- _Short web captions_
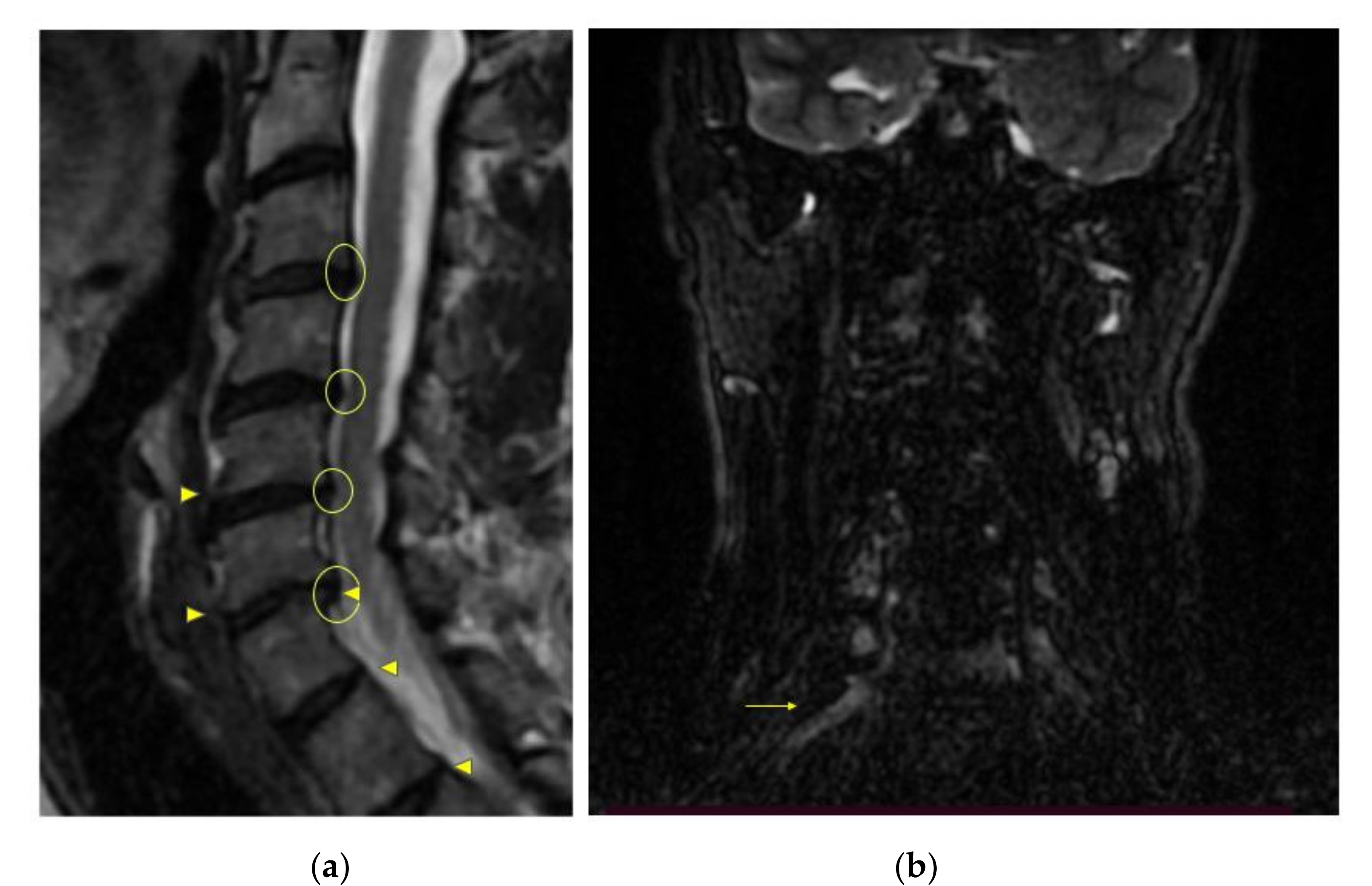 健康・医学 Thoracic Tumours PCS_NR_BT_PCLymphCompetent_01?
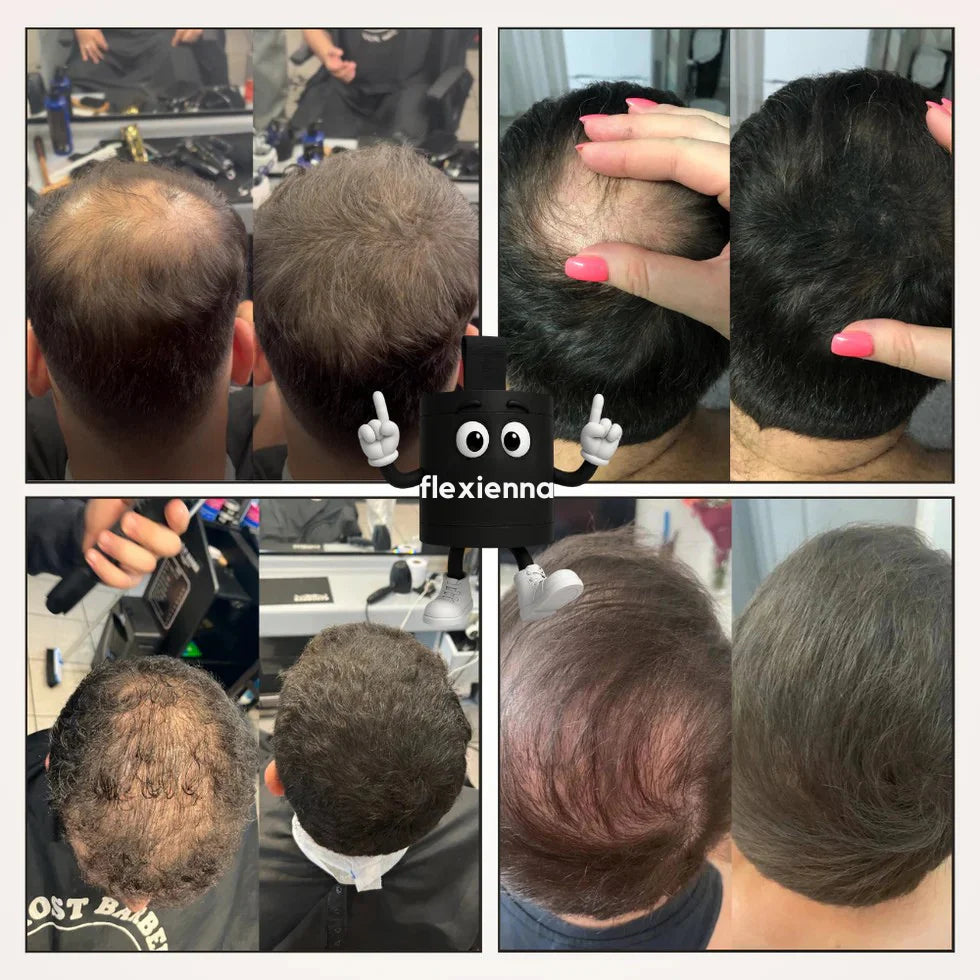 Poudre Capillaire Flexienna™ – Camouflez instantanément les zones sans cheveux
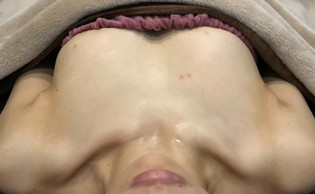 ミラクルバスト施術 30代 リピーター様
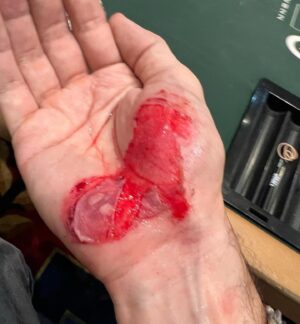 Daniel Negreanu Instagram - WSOP injury. Suspected shooter and I start running with the crowd and got trampled but at least we are safe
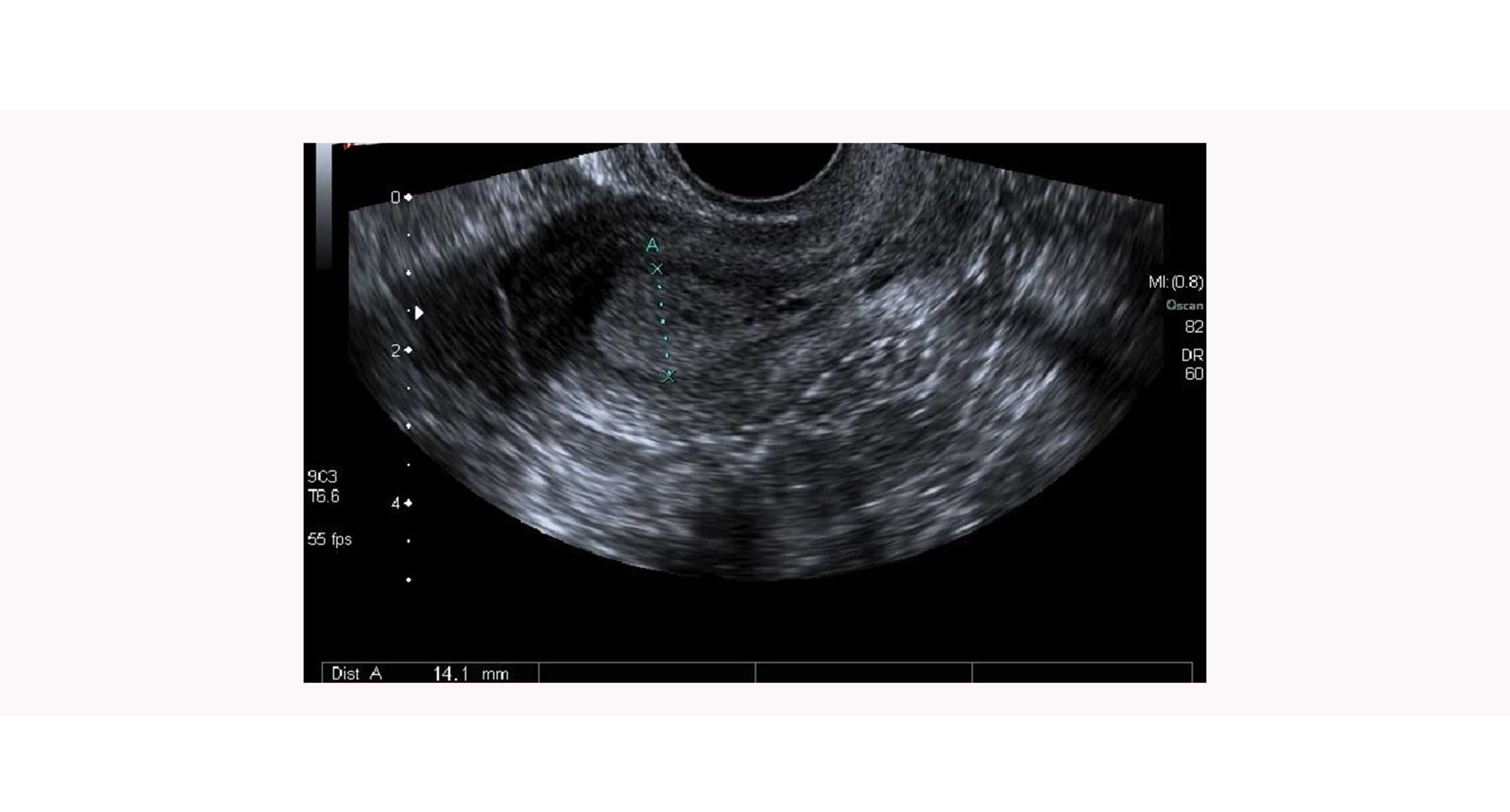 endometrio en implantación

- _WORK ORDER_
Reproduce verbatim, and only, the lines starting at the one that contains "ミラクルバスト施術 30代 リピーター様" and ending with the final line of the records; leave out the pictures.

- _SOLVED EXERCISE_
 ミラクルバスト施術 30代 リピーター様
 Daniel Negreanu Instagram - WSOP injury. Suspected shooter and I start running with the crowd and got trampled but at least we are safe
 endometrio en implantación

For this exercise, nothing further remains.